The circumference of the wheel is found by multiplying their diameter of 24" x 3.141 (PI) which comes to 75.384". In other words, your Unicycle will travel 75.384 inches, or about 6.2 feet, with every revolution of your wheel.
Now we must determine how many wheel revolutions are in a mile. A mile is 5280 feet. Or 63,360 inches. So we divide 63360 by the circumference of 75.384, and the answer is 840.50. So we now know that our wheel must revolve 840.50 times to travel one mile. So we multiply this figure by 25 to get the total number of revolutions for 25 miles and get an answer of 21,012.50. This is the number of revolutions your wheel must turn within one hour to achieve a speed of 25mph.
Then to calculate the circumference for a coker wheel, we would multiply 36" x 3.41 which would be 122.76, or 10.23 feet per revolution.

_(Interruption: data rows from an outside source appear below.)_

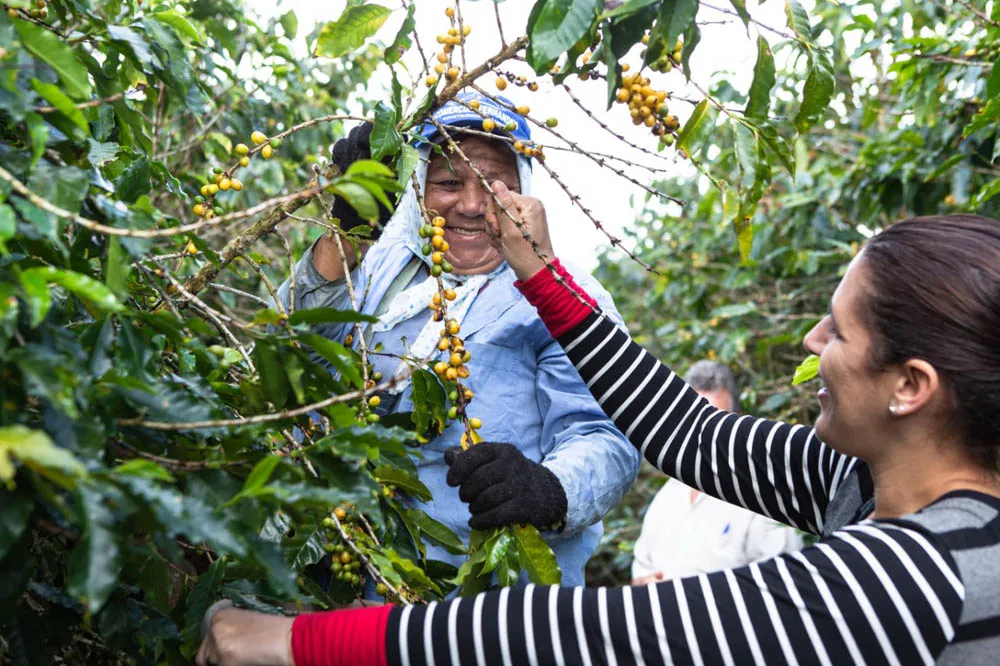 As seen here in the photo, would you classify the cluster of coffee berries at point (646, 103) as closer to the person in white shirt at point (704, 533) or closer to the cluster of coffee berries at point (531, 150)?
the cluster of coffee berries at point (531, 150)

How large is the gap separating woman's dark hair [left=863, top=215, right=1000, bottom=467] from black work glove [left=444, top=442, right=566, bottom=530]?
1.97 feet

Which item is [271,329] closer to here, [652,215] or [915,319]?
[915,319]

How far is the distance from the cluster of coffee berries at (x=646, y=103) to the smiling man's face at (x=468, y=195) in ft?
1.20

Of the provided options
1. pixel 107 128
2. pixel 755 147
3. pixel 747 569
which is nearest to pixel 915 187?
pixel 755 147

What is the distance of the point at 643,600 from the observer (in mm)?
1205

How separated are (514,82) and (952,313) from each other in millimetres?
791

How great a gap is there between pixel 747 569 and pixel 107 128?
4.16 feet

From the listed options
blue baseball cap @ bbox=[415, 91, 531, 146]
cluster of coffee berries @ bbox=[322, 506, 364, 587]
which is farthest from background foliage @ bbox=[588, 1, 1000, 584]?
cluster of coffee berries @ bbox=[322, 506, 364, 587]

By using the same formula for determining how many revolutions per mile, we divide 63,360 inches by 122.76 and we then get 516. If you do a century ride on your 36er, you would have made 51,613 revolutions! No wonder it’s such a fantastic work out! [B]
Btw[/B], I know these numbers are not exact, due to irregularities of road surfaces and/or trail terrain, and also different tires will alter the data a bit as well. But it’s a good estimate imo.
Your coker numbers are off because you used 3.41 instead of 3.14 for pi.
I think in reality you would have to pedal more than that though because unicycles don’t really go straight. The amount you wobble back and forth is probably pretty significant after 25 miles (or whatever).
This thread reminds me why I don’t like to unicycle for more than a few miles
Woops! You’re right, I juxtaposed 'em! But yeah, you ride mostly flat/street, so I wouldn’t want to ride my 19" for ANY kind of serious distance either! And I’ll tell ya, doing a 20 mile MUni trek a few weeks back, with big elevation changes and technical terrain was monumentally more punishing than a mere 50 mile coker ride on mostly smooth ground! :o
Yeah but I ride muni sometimes and I’ve had a 36" before too. I just think there’s a limit to how long I can sit on a unicycle seat and be happy. Some seats feel nice to sit on for a few miles but even comfortable seats hurt a lot after a few hours (at least to me). I’d rather keep muni trails difficult and under 5 miles because then it’s more of a session than an all day journey. I know everyone’s interests are different but after unicycling for multiple years I don’t find it that fun to just pedal around for a long time (sorry not that relevant)
Yeah, most of my MUni rides are in the 4-9 mile range and I also love sessioning and having a blast on technical terrain. But I also like to really challenge myself on longer rides of the same intensity, and make it a whole day adventure. It’s like anything else youl really love, and almost to the point of obsession. I just can’t get enough!
Oh yeah, and with MUni, since there’s drops, hops, jumps, gaps, etc., I’m not continuously on the saddle nearly as much compared to cokering, where you are pretty much ALWAYS on the saddle while riding.
For non-geared, the number of “circles” your feet make would be the same; one for each wheel revolution-regardless of crank size. But the shorter the cranks, smaller the circles. As for how much less “travel” I would guess about 75.36mm per revolution less.
On a Coker the rough figures are pretty easy to think about. 10mph on a Coker is very close to 100rpm. At that speed, to do one mile you’d be riding for 1/10th of an hour, or six minutes. So you’d have to pedal 6x100 revs in that 6 minutes. 600 revs per mile.
Of course the 10mph/100rpm ratio is not exact, but it happens to be pretty close for a 36er - good enough for a quick estimate of revs. As people have pointed out, lots of other variables affect it anyway so it’s probably a bit pointless trying to be any more accurate.
For other wheel sizes, adjust that 600 revs/mile proportionately. (so a 24" would be 2/3 of the size, needing to do 3/2 as many revs per mile, or 900 - but of course a 24" muni isn’t 24" diameter…).